Dans un article récent, un chercheur spécialiste de l’Afrique notait que « la rue bamakoise [est] animée d’une intarissable soif de vengeance contre le MNLA» (4). Mais les discours entendus vont souvent plus loin : en passant d’une lecture politique du conflit à des commentaires ethniques, une fraction de l’opinion publique ne contribue-t-elle pas, fut-ce à son corps défendant, à attiser les animosités et partant, à retarder l’unification du pays qu’elle appelle de ses vœux ?

La classe politique malienne, pressée de retrouver sa légitimité perdue, la communauté internationale, pressée d’en finir avec cette guerre qu’elle croit peut-être encore pourvoir régler sans aborder de front les immenses désordres de la planète, se retrouvent pour bâcler un conflit qui ne pourra que continuer souterrainement … avant d’éclater à nouveau avec une férocité décuplée.

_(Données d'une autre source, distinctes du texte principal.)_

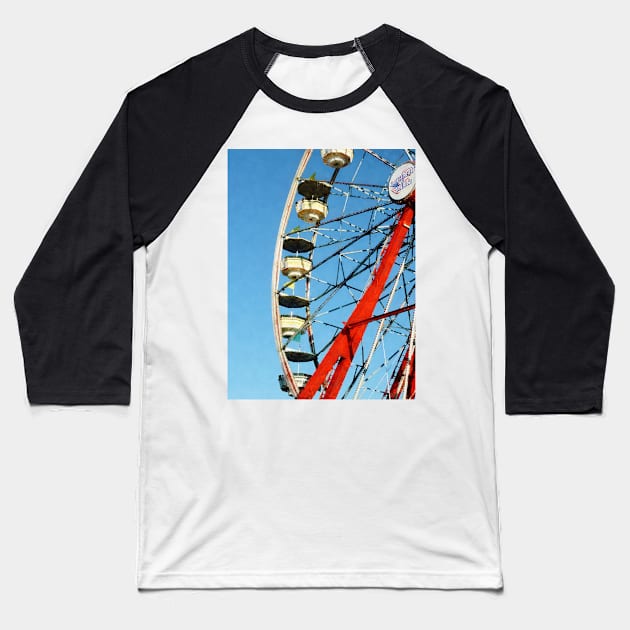 Carnival Midway - Ferris Wheel Closeup Baseball T-Shirt by SusanSavad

Remplacer le temps requis par le dialogue et la compréhension réciproque, par des expédients électoraux ou ethniques, témoigne d’une absence dramatique de responsabilité à l’égard des générations futures qui recevront en héritage l’obligation de prendre en charge enfin l’histoire.

 

——————————————————————–

(1)    Le rapport de Human Rights Watch  est sur :   http://www.hrw.org/fr

(2)    Le rapport d’Amnesty International est sur :  http://www.amnesty.org/fr/region/mali

(3)    « Nord- Mali : Comprendre et ne pas cataloguer ». Pour comprendre et ne pas enfermer, ni cataloguer les protagonistes actifs et passifs dans des appartenances faussement stables et non poreuses.

(4)    Cet article de Matthieu Pellerin a été mis en ligne sur ce blog (revue de presse, sous le titre « La dernière mission de la France ? »).